Pagato a peso d'oro come i grandi manager capitalisti
Il boss della Cisl Bonanni arraffa una pensione di 8mila euro mensili, l’ultimo stipendio era di 336 mila euro l’anno
Un insulto verso gli esodati condannati senza pensione e senza stipendio, i pensionati sociali e le pensioni di fame percepite dai lavoratori
Alla faccia degli esodati, dei pensionati sociali e anche dei comuni pensionati che non arrivano alla fine del mese, a nome dei quali egli ha pur sempre dichiarato di battersi, Raffaele Bonanni, il boss della Cisl che ha mollato lo scorso 24 settembre la poltrona della segreteria generale del secondo sindacato italiano, va in pensione con la bellezza di 8.593 euro lorde al mese: l’ultimo stipendio era di 336.260 euro l’anno, una cifra superiore di quasi centomila euro rispetto a quella percepita dai grandi manager di Stato, il cui tetto è fissato per legge a 240.000 euro, e che va semmai nella direzione - come fosse una beffa del destino - al trattamento dei grandi manager privati dei quali egli ha sempre detto di contrastare i privilegi.

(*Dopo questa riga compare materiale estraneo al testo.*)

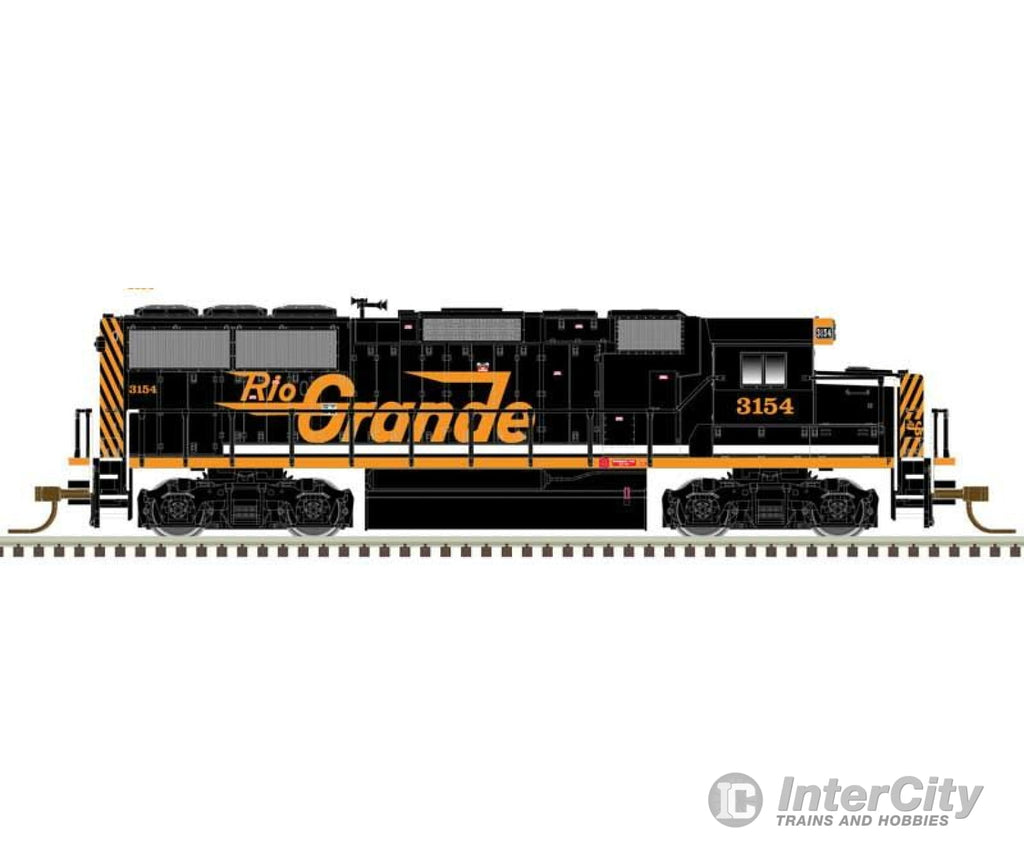 Atlas 40004920 Emd Gp60 - Loksound And Dcc Master(Tm) Gold -- Denver & Rio Grande Western 3154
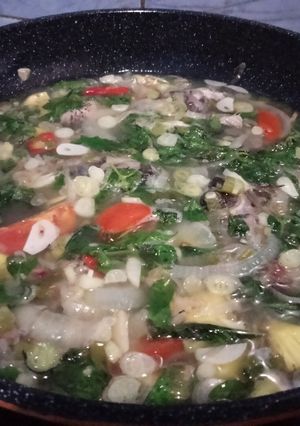 Foto resep Sup ikan nila kemangi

Ed è chiaro anche come il capobastone cislino sia giunto a questo sfavillante (per lui) risultato.
Nato in provincia di Chieti nel 1949, inizia a lavorare come operaio edile, si iscrive alla Cisl nel 1970, si sposta in Sicilia negli anni ’80 dove diviene braccio destro dell’ex segretario generale della Cisl D’Antoni, nel 1998 è componente della segreteria confederale, nel 2001 diviene segretario confederale, infine succede a Savino Pezzotta il 27 aprile 2006 alla segreteria nazionale per otto anni e mezzo fino allo scorso settembre.
Nulla fino a questo punto sembrerebbe giustificare un simile abnorme stipendio, alla faccia dei lavoratori, attraverso il quale percepire una altrettanto conseguente e scandalosa pensione, questa volta alla faccia dei pensionati e degli esodati: infatti quando era segretario confederale Bonanni guadagnava meno di 80mila euro lordi all’anno, precisamente 75.223 nel 2003, 77.349 nel 2004 e 79.054 nel 2005 e quando diventa segretario generale nel 2006, secondo le norme del regolamento interno alla Cisl, il suo stipendio viene incrementato del 30%.
Infatti il caporione sindacale dichiara nel 2006 all’Inps, ai fini contributivi, uno stipendio ricchissimo di 118.186 euro, che è maggiore di quello previsto ma non molto, e può giustificarsi con altre entrate che non riguardano la sua attività sindacale.
Negli anni successivi però, con un atteggiamento degno, più che di un rappresentante di lavoratori e pensionati, di un vero e proprio boss, si aumenta letteralmente lo stipendio da solo, e senza che nessuno lo contrasti all’interno del sindacato che egli dirige: nel 2007, infatti, la retribuzione complessiva dichiarata all’Inps è di 171.652 euro lordi annui, nel 2008 diviene di 201.681 annui, con un aumento ingiustificabile negli anni successivi, ossia 255.579 euro nel 2009, 267.436 nel 2010 per schizzare a 336.260 (triplicando quindi in cinque anni) nel 2011, che, non va dimenticato, è l’anno della famigerata riforma Fornero che ha imposto il sistema pensionistico contributivo, ovvero quello secondo il quale l’ammontare della pensione si calcola in base ai contributi effettivamente versati dai lavoratori.
Al contrario, il caporale sindacale Bonanni, ben sapendo in tempo che le regole sarebbero cambiate, si è aumentato in tempo e vertiginosamente gli ultimi stipendi per beneficiare in pieno dei vantaggi del sistema retributivo, secondo il quale l’ammontare delle pensioni si calcola in base alla media degli ultimi anni di stipendio percepito, sfuggendo così alla riforma Fornero che ha invece colpito, e duramente, i pensionati, condannando contemporaneamente gli esodati a un vero e proprio inferno, categorie sociali alle quali Raffaele Bonanni giurava, come Giuda Iscariota, fedeltà mentre, da servo del sistema, riceveva il premio per avere da sempre ignobilmente fatto gli interessi dei padroni e dei parassiti ai danni sia dei lavoratori sia dei pensionati.